Issues on the appeal

[9] This appeal comes to us pursuant to s 144 of the Summary Proceedings Act 1957. Clifford J set forth two questions of law which in his view were worthy of this court’s consideration. Neither side was particularly happy with how one of the questions was expressed. While, therefore, we shall later set out Clifford J’s precise questions, it may be better if we set out the issues on this appeal in our own words, reflecting the argument advanced before us.
[10] The first issue could be expressed thus: did the District Court have power to order the defendants to pay for the cost of an agent administering the refunds payable to victims?
[11] The second issue, put broadly, was: was the High Court justified in reducing the level of fines?
[12] We shall consider the issues in turn.

Did the District Court have power to order the defendants to pay for the cost of an agent administering the refunds payable to victims?

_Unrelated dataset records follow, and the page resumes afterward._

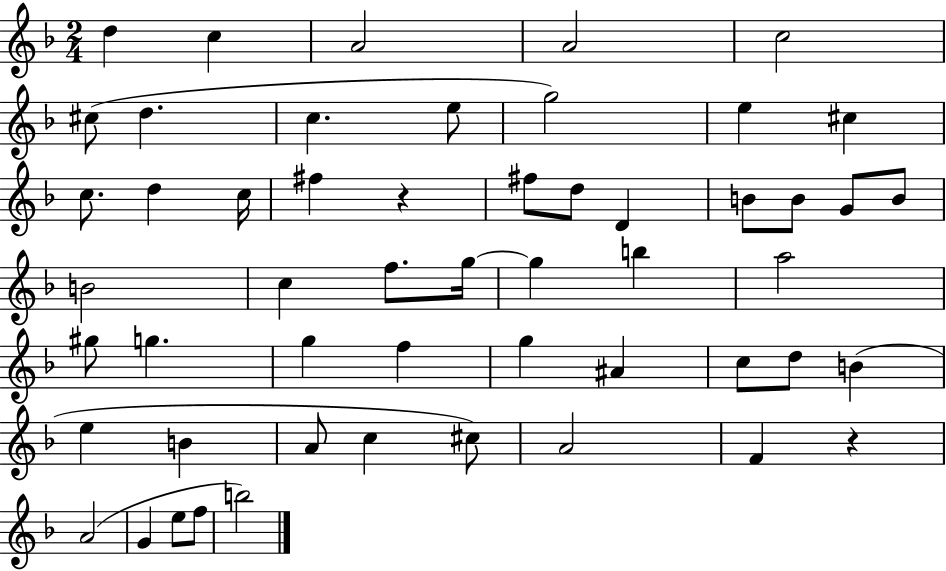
D5/q C5/q A4/h A4/h C5/h C#5/e D5/q. C5/q. E5/e G5/h E5/q C#5/q C5/e. D5/q C5/s F#5/q R/q F#5/e D5/e D4/q B4/e B4/e G4/e B4/e B4/h C5/q F5/e. G5/s G5/q B5/q A5/h G#5/e G5/q. G5/q F5/q G5/q A#4/q C5/e D5/e B4/q E5/q B4/q A4/e C5/q C#5/e A4/h F4/q R/q A4/h G4/q E5/e F5/e B5/h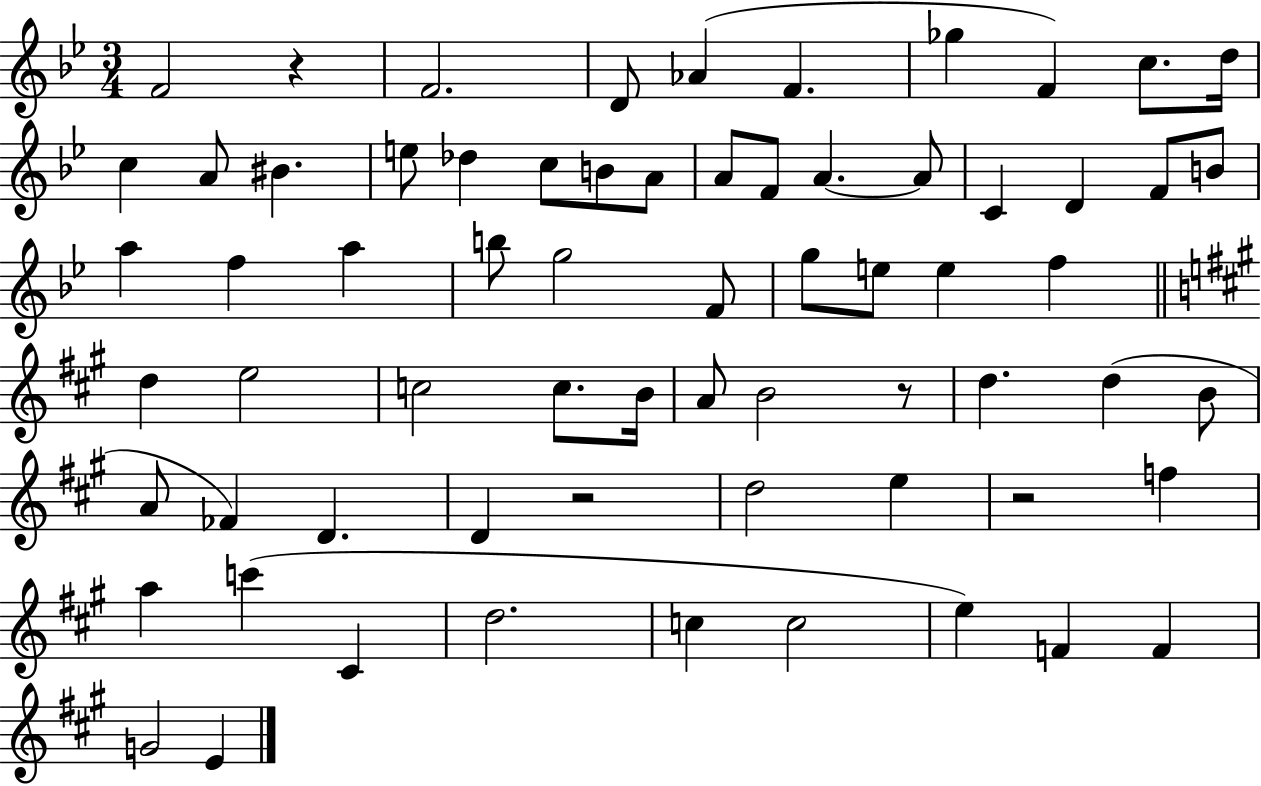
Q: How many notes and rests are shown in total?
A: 67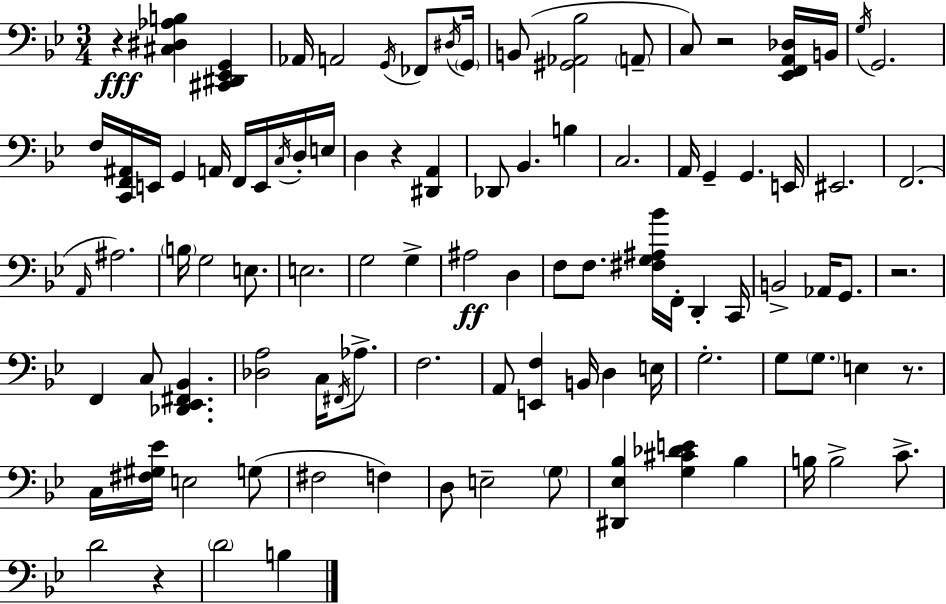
{
  \clef bass
  \numericTimeSignature
  \time 3/4
  \key g \minor
  r4\fff <cis dis aes b>4 <cis, dis, ees, g,>4 | aes,16 a,2 \acciaccatura { g,16 } fes,8 | \acciaccatura { dis16 } \parenthesize g,16 b,8( <gis, aes, bes>2 | \parenthesize a,8-- c8) r2 | \break <ees, f, a, des>16 b,16 \acciaccatura { g16 } g,2. | f16 <c, f, ais,>16 e,16 g,4 a,16 f,16 | e,16 \acciaccatura { c16 } d16-. e16 d4 r4 | <dis, a,>4 des,8 bes,4. | \break b4 c2. | a,16 g,4-- g,4. | e,16 eis,2. | f,2.( | \break \grace { a,16 } ais2.) | \parenthesize b16 g2 | e8. e2. | g2 | \break g4-> ais2\ff | d4 f8 f8. <fis g ais bes'>16 f,16-. | d,4-. c,16 b,2-> | aes,16 g,8. r2. | \break f,4 c8 <des, ees, fis, bes,>4. | <des a>2 | c16 \acciaccatura { fis,16 } aes8.-> f2. | a,8 <e, f>4 | \break b,16 d4 e16 g2.-. | g8 \parenthesize g8. e4 | r8. c16 <fis gis ees'>16 e2 | g8( fis2 | \break f4) d8 e2-- | \parenthesize g8 <dis, ees bes>4 <g cis' des' e'>4 | bes4 b16 b2-> | c'8.-> d'2 | \break r4 \parenthesize d'2 | b4 \bar "|."
}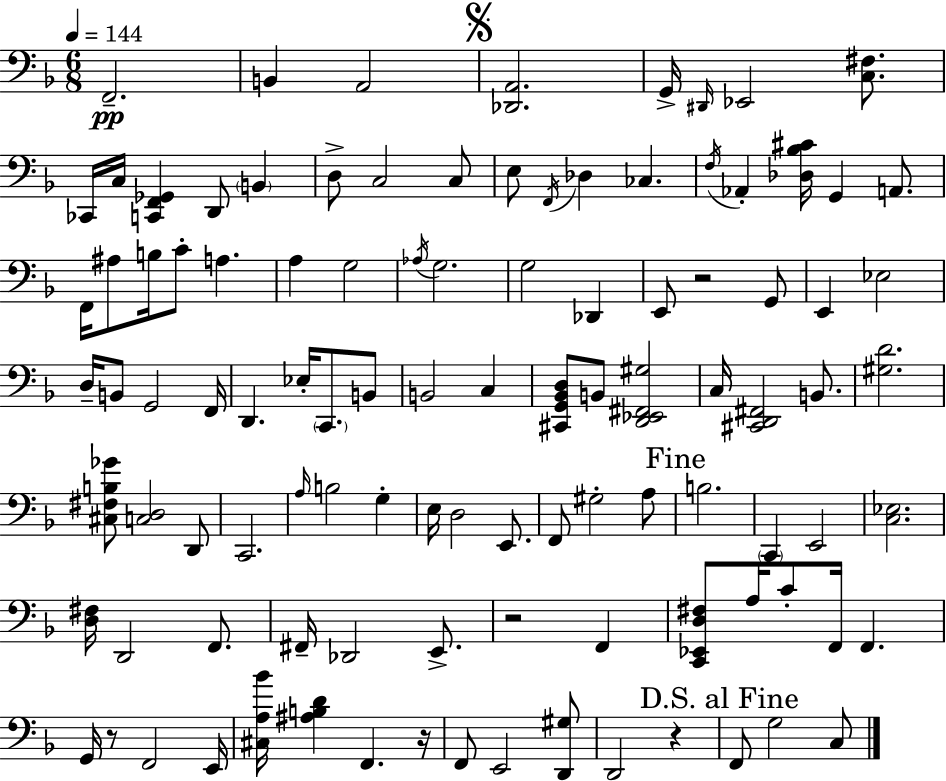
{
  \clef bass
  \numericTimeSignature
  \time 6/8
  \key f \major
  \tempo 4 = 144
  f,2.--\pp | b,4 a,2 | \mark \markup { \musicglyph "scripts.segno" } <des, a,>2. | g,16-> \grace { dis,16 } ees,2 <c fis>8. | \break ces,16 c16 <c, f, ges,>4 d,8 \parenthesize b,4 | d8-> c2 c8 | e8 \acciaccatura { f,16 } des4 ces4. | \acciaccatura { f16 } aes,4-. <des bes cis'>16 g,4 | \break a,8. f,16 ais8 b16 c'8-. a4. | a4 g2 | \acciaccatura { aes16 } g2. | g2 | \break des,4 e,8 r2 | g,8 e,4 ees2 | d16-- b,8 g,2 | f,16 d,4. ees16-. \parenthesize c,8. | \break b,8 b,2 | c4 <cis, g, bes, d>8 b,8 <d, ees, fis, gis>2 | c16 <cis, d, fis,>2 | b,8. <gis d'>2. | \break <cis fis b ges'>8 <c d>2 | d,8 c,2. | \grace { a16 } b2 | g4-. e16 d2 | \break e,8. f,8 gis2-. | a8 \mark "Fine" b2. | \parenthesize c,4 e,2 | <c ees>2. | \break <d fis>16 d,2 | f,8. fis,16-- des,2 | e,8.-> r2 | f,4 <c, ees, d fis>8 a16 c'8-. f,16 f,4. | \break g,16 r8 f,2 | e,16 <cis a bes'>16 <ais b d'>4 f,4. | r16 f,8 e,2 | <d, gis>8 d,2 | \break r4 \mark "D.S. al Fine" f,8 g2 | c8 \bar "|."
}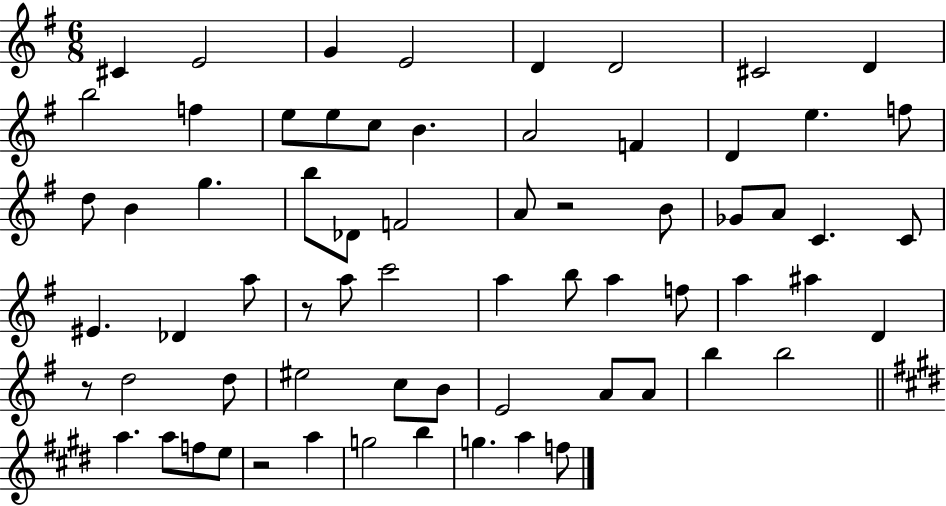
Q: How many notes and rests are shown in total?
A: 67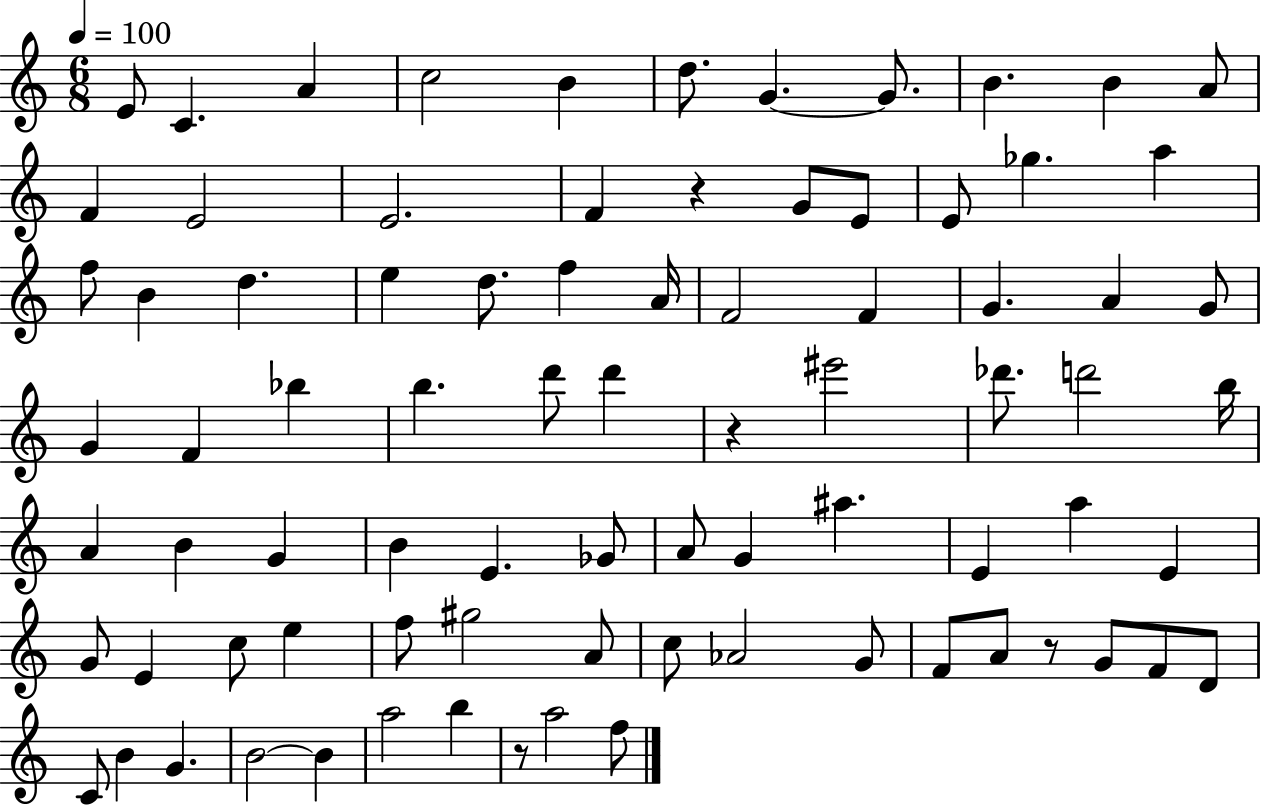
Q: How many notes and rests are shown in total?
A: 82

[13] In the District Court, the Commission considered the primary response to the defendants’ offending should be refunds to those who had bought the worthless products. The Commission wanted a full refund to everyone. There was much dispute about that in the District Court. Judge Wilson accepted the Commission’s submission. That aspect is not in dispute before us.
[14] During the course of sentencing submissions, Judge Wilson suggested to the defendants that they should “make refunds voluntarily”. But they did not take up that suggestion: Judge Wilson’s sentencing notes, DC NSD 8 November 2005 at [32]. In light of that failure or refusal on the defendants’ part, the judge appointed Ferrier Hodgson, effectively as the court’s agent, “to administer the distribution of refunds to eligible consumers”. The methodology Ferrier Hodgson were to employ was set out in the court’s order. Essentially the defendants were to pay to Ferrier Hodgson $175,972.98 (the agreed sum they had received from buyers of Celluslim), plus $19,968 (Ferrier Hodgson’s fee). Ferrier Hodgson were to do their best to reimburse purchasers who could be located. The balance (which there was bound to be, because some customers would inevitably not be located) would then be paid back to the defendants.
[15] On appeal to the High Court, Mr O’Neil and Martini challenged the appropriateness of an order to refund all purchasers the full purchase price. Clifford J considered but rejected that challenge: (2006) 11 TCLR 884 at [66]-[71]. There is no appeal from that finding. He went on to consider, however, whether the District Court had jurisdiction to order the defendants to pay Ferrier Hodgson’s costs.
[16] The Commission argued in the High Court that there were two bases upon which the District Court had jurisdiction. The first basis was inherent power derived from the s 43 jurisdiction. The Commission referred to what Somers J had said in McMenamin v Attorney-General [1985] 2 NZLR 274 at 276 (CA), to the effect that the District Court has power to “do what is necessary to enable it to exercise the functions, powers and duties conferred on it by statute”. The second basis identified by the Commission was the civil jurisdiction of the District Court, conferred by ss 29 and 30 of the District Courts Act 1947, together with the power the District Court has to order costs, as recognised by r 45 of the District Courts Rules 1992.
[17] Clifford J found neither argument persuasive. He held that “the jurisdiction under s 43 is a specific one and in the context of s 43(2)(c) is ... limited to orders to refund money or return property”: at [84]. He did not think the Commission could require Mr O’Neil and Martini to pay an additional amount to administer the refund scheme. He concluded (at [84]):

My essential reason for reaching this view is that the costs of administering the scheme are, in my view, to be regarded as costs which fall upon the [Commission] by virtue of its general functions, and are not properly to be regarded as costs of litigation which are subject to the powers of the District Court under r 45.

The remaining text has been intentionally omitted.